Broadcast & AV

Phantom Powered Microphones

Steve Lampen

If you've ever done anything on the professional side of audio, you've probably run into a condenser microphone. These require power to work. Sometimes, that's a battery you put into the mic. Sometimes it's a separate dedicated power supply with a special multi-pin cable.


But most often these microphones use phantom power. This is power delivered by a mixer or console, which uses the same cable that the audio comes back on. Hence, the idea phantom because the cable is doing two things and the power seems to be delivered by magic.

Phantom power is set up to run on shielded balanced lines, because it uses both the twisted pair and the shield as the DC power delivery. Unbalanced microphones, therefore, cannot use this system - at least not as it is described below.

Phantom powering is an idea as old as the telephone. In your telephone, on the two wires used you have DC to power the equipment, audio travelling in both directions, called duplex mode, so both people can talk at the same time, and 90 volts AC which actuates the ringer, all on one pair of wires! Phantom power is much simpler than that. The schematic below, gives you the basic idea of how it is wired up.  

Phantom-Power-Schematic

Pin 1 is ground, the shield connection in the cable. Pins 2 and 3 are the balanced line. You can see that the +48 volts is divided equally between both wires in the balanced line. If you took a voltmeter and read between pins 2 and 3, it would say ZERO volts. It's only when you look at those wires, compared to the ground/shield wire, that you would see +48 volts.

If your preamp or mixer has a real wound transformer input, and there is a transformer inside the microphone, these would effectively block the DC from entering the microphone element or the mixer circuitry. The voltage could easily be removed before then to power up whatever circuitry is inside the microphone. The power supply and circuitry above could easily be built into the console or mixer.

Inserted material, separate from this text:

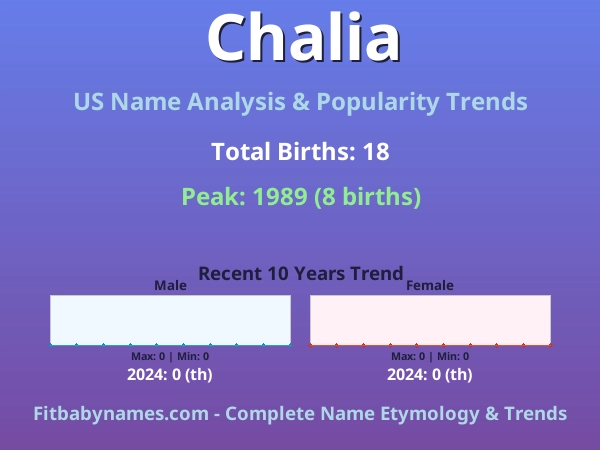 Infographic: Chalia name meaning, origin, and popularity trends in the United States (US baby name analysis chart)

Of course, those two resistors have to be very precise, 1% tolerance or even better would be preferred. If you used a garden variety resistor with 10% or 20% tolerance, then those two resistors would not be the same and you could easily read a small voltage between pins 2 and 3. Even worse, this imbalance would affect the ability of this balanced line to reject noise. Those two wires need to be identical in every way to effectively get rid of common mode noise rejection. I feel another blog coming on!! The 6.8 kilo ohm value is for +48 volts. And the supply needs to be ultra-low low ripple noise so it doesn't introduce any stray noise signals.

Many phantom powered microphones these days will accept anything between 12 volts and +48 volts. A voltage regulator can easily accept a wide range of voltages and give you a single voltage output. In mics or mixers that do not use active balancing transformers you can accomplish the same phantom powering with the use of blocking capacitors and diodes. Just be sure that the resulting voltage between pin 2 and 3 is always zero. And you can see why cable such as Belden 1353A, which is a single unshielded bonded pair for analog or digital audio, won't work for phantom powered microphones. No shield!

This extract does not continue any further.